Welcome BACK to the club.









Glad to hear it!!


----------



## Sayonara (Jul 23, 2007)

GREAT !! Welcome Back !!


----------



## Y-Guy (Jan 30, 2004)

Welcome back!


----------



## daves700 (Jun 12, 2006)

Welcome back!


----------



## egregg57 (Feb 13, 2006)

Hey! Once an Outbacker ALWAYS an Outbacker!!

Eric


----------



## Tyvekcat (Aug 28, 2007)

Wow, Michigan is a long ways. Congrats on the Outback.

Question:
Any reason you didn't purchase local, like Synders in Salem?
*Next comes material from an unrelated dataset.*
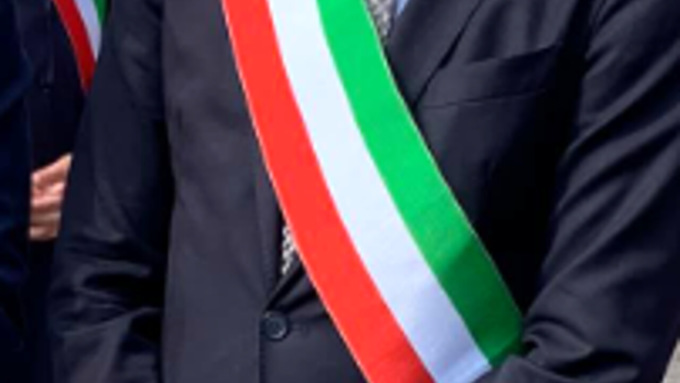La paga dei sindaci schizza a un minimo di 2 mila euro (3 mila per i Comuni medi)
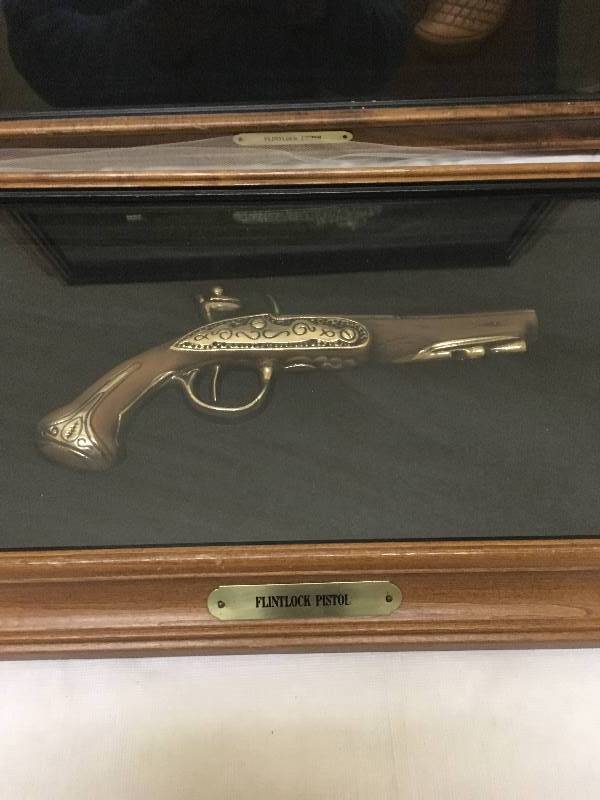 lot 23 image: Flintlock Pistol Wall Hanging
They sell outback ?

Enjoy!


----------



## Lady Di (Oct 28, 2005)

Welcome







- Again

Enjoy.


----------



## ember (Jan 17, 2008)

WELCOME








I'm new since you left, and I think you'll be surprised at how many newbies there are here!!


----------



## outdrs1 (Apr 22, 2005)

Tyvekcat said:


> Wow, Michigan is a long ways. Congrats on the Outback.
> 
> Question:
> Any reason you didn't purchase local, like Synders in Salem? They sell outback ?
> ...


Snyders Rv is a joke..........







And I saved lots of money even with delivery. Lakeshore is great to deal with.


----------